→ **AIM OF THE EXERCISE**: Below are some records. Write out the lines from the one containing "Used Hyundai Elantra" to the last line, word for word, leaving out pictures.
____ INFORMATION SUPPLIED
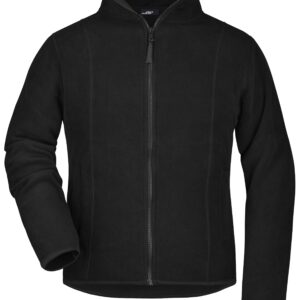 James & Nicholson Girly Microfleece Jacket JN049 - black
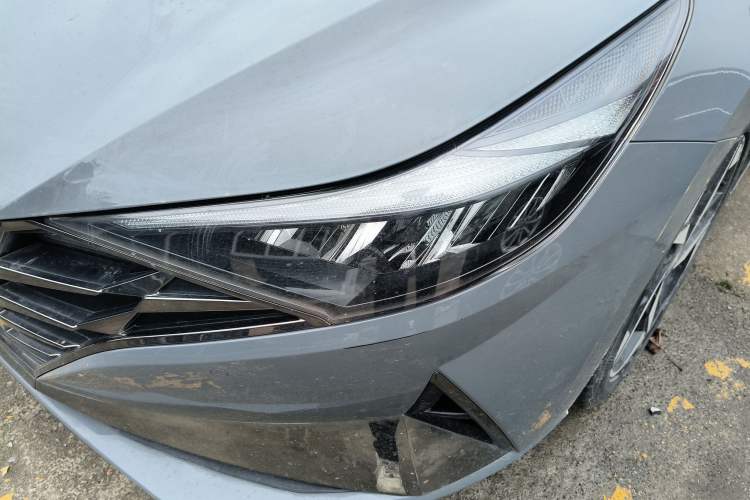 Used Hyundai Elantra 2022 1.5L CVT GLX Elite Edition Left Front Headlight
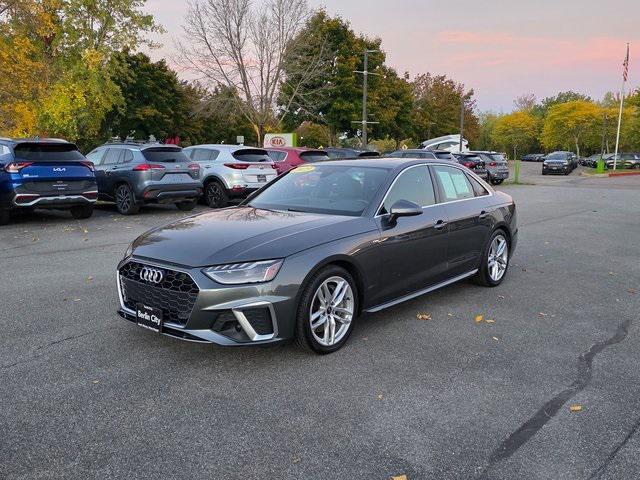 used 2023 Audi A4 car, priced at $27,998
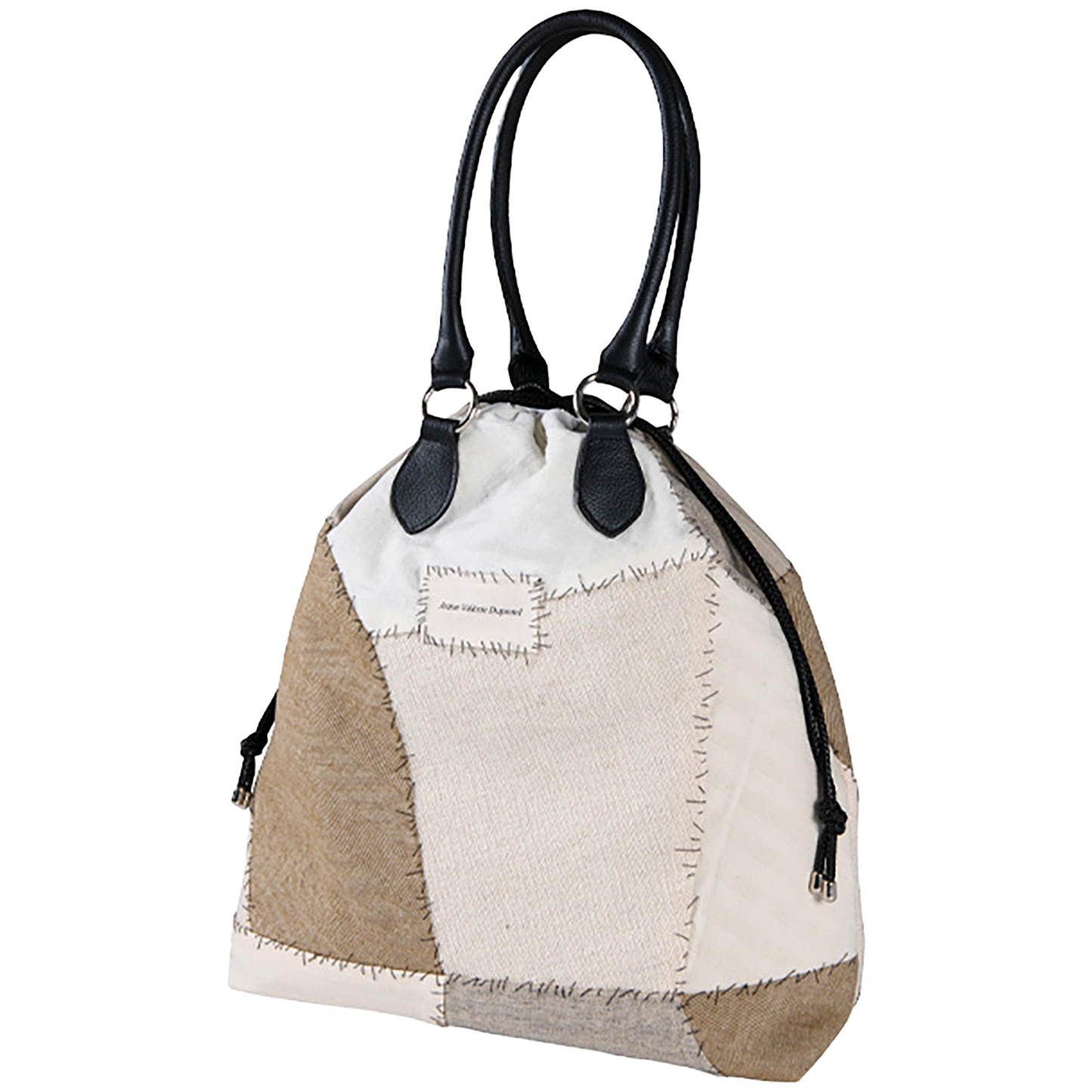 MLE × Anne Valerie Dupond PATCHWORK TOTE BAG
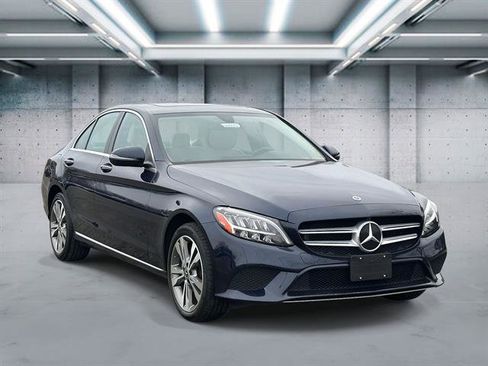 Used 2021 Mercedes-Benz C 300 4MATIC Sedan image 2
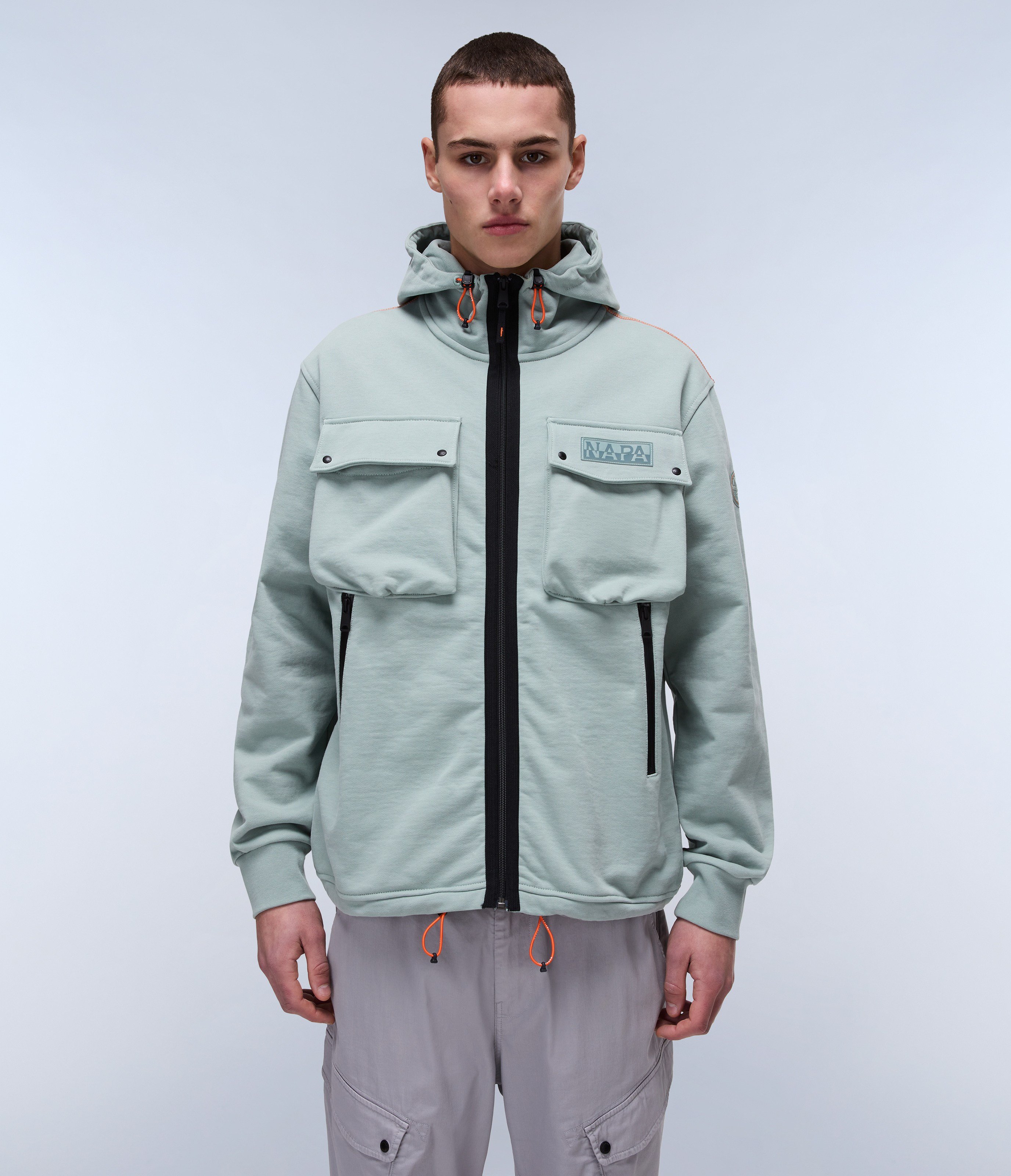 Napapijri B-Rivalto Fzh Erkek Sweatshirt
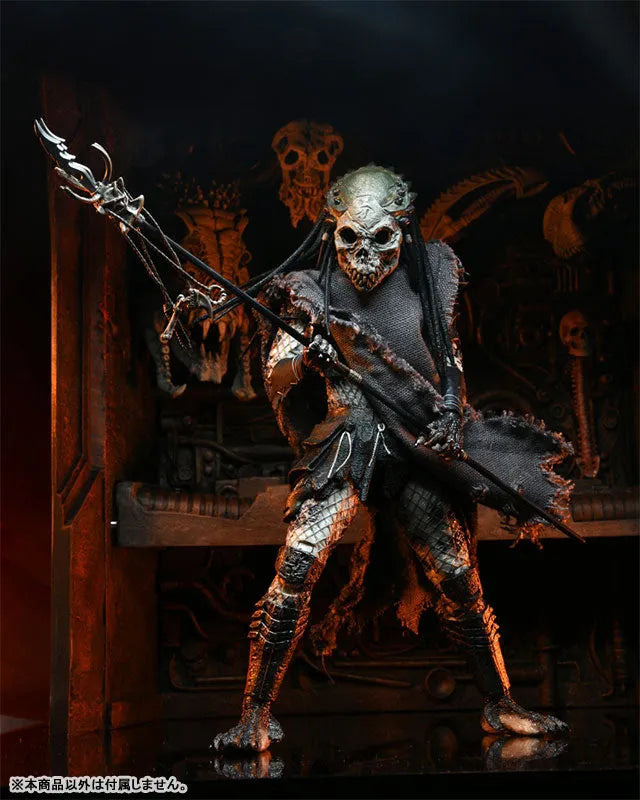 Predator 2 / Shaman Predator Ultimate 7 Inch Action Figureㅤ – Neca – ActionFigure Brasil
________
→ **RESPONSE TO THE EXERCISE**:
 Used Hyundai Elantra 2022 1.5L CVT GLX Elite Edition Left Front Headlight
 used 2023 Audi A4 car, priced at $27,998
 MLE × Anne Valerie Dupond PATCHWORK TOTE BAG
 Used 2021 Mercedes-Benz C 300 4MATIC Sedan image 2
 Napapijri B-Rivalto Fzh Erkek Sweatshirt
 Predator 2 / Shaman Predator Ultimate 7 Inch Action Figureㅤ – Neca – ActionFigure Brasil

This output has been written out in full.